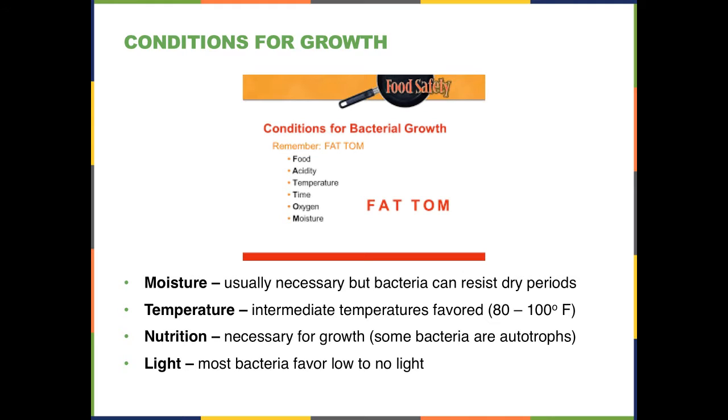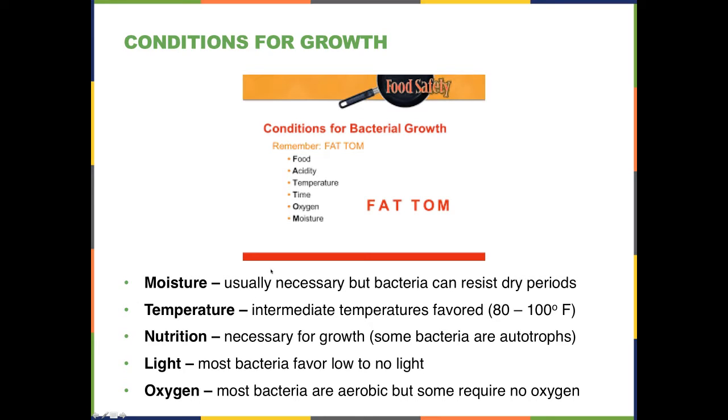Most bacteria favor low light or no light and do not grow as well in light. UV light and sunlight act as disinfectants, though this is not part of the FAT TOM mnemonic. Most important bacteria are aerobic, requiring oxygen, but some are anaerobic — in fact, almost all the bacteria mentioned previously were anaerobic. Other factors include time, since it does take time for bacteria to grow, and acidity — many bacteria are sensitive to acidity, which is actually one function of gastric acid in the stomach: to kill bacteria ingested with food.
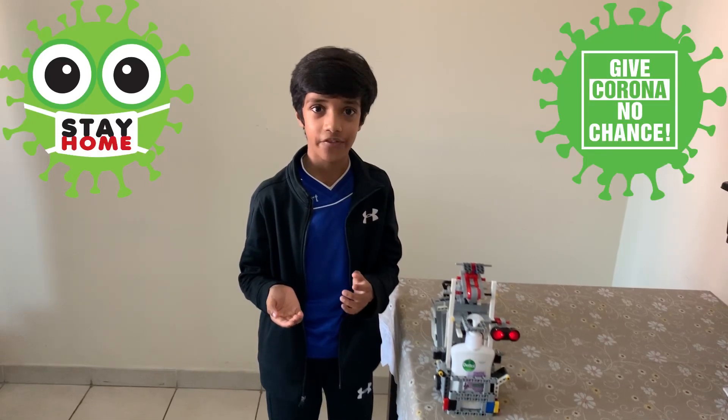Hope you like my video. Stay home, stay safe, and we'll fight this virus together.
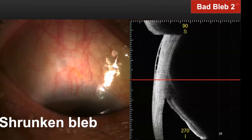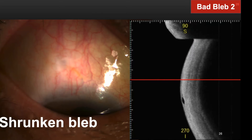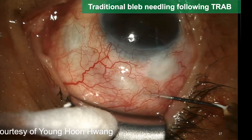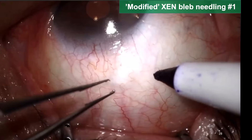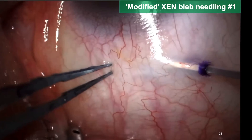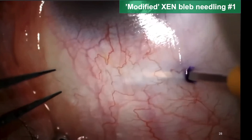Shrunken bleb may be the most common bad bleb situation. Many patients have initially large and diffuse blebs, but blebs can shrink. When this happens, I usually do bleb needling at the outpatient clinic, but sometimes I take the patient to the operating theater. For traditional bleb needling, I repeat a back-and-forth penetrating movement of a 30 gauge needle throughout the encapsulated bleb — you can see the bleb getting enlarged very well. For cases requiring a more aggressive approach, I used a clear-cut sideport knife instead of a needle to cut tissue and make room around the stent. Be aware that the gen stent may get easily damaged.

# INSTRUCTIONS FOR THE TASK:
Give back all the material exactly, with no pictures.

# OUTPUT FOR THIS TASK:
Most bacteria favor low light or no light and do not grow as well in light. UV light and sunlight act as disinfectants, though this is not part of the FAT TOM mnemonic. Most important bacteria are aerobic, requiring oxygen, but some are anaerobic — in fact, almost all the bacteria mentioned previously were anaerobic. Other factors include time, since it does take time for bacteria to grow, and acidity — many bacteria are sensitive to acidity, which is actually one function of gastric acid in the stomach: to kill bacteria ingested with food.
Hope you like my video. Stay home, stay safe, and we'll fight this virus together.
Shrunken bleb may be the most common bad bleb situation. Many patients have initially large and diffuse blebs, but blebs can shrink. When this happens, I usually do bleb needling at the outpatient clinic, but sometimes I take the patient to the operating theater. For traditional bleb needling, I repeat a back-and-forth penetrating movement of a 30 gauge needle throughout the encapsulated bleb — you can see the bleb getting enlarged very well. For cases requiring a more aggressive approach, I used a clear-cut sideport knife instead of a needle to cut tissue and make room around the stent. Be aware that the gen stent may get easily damaged.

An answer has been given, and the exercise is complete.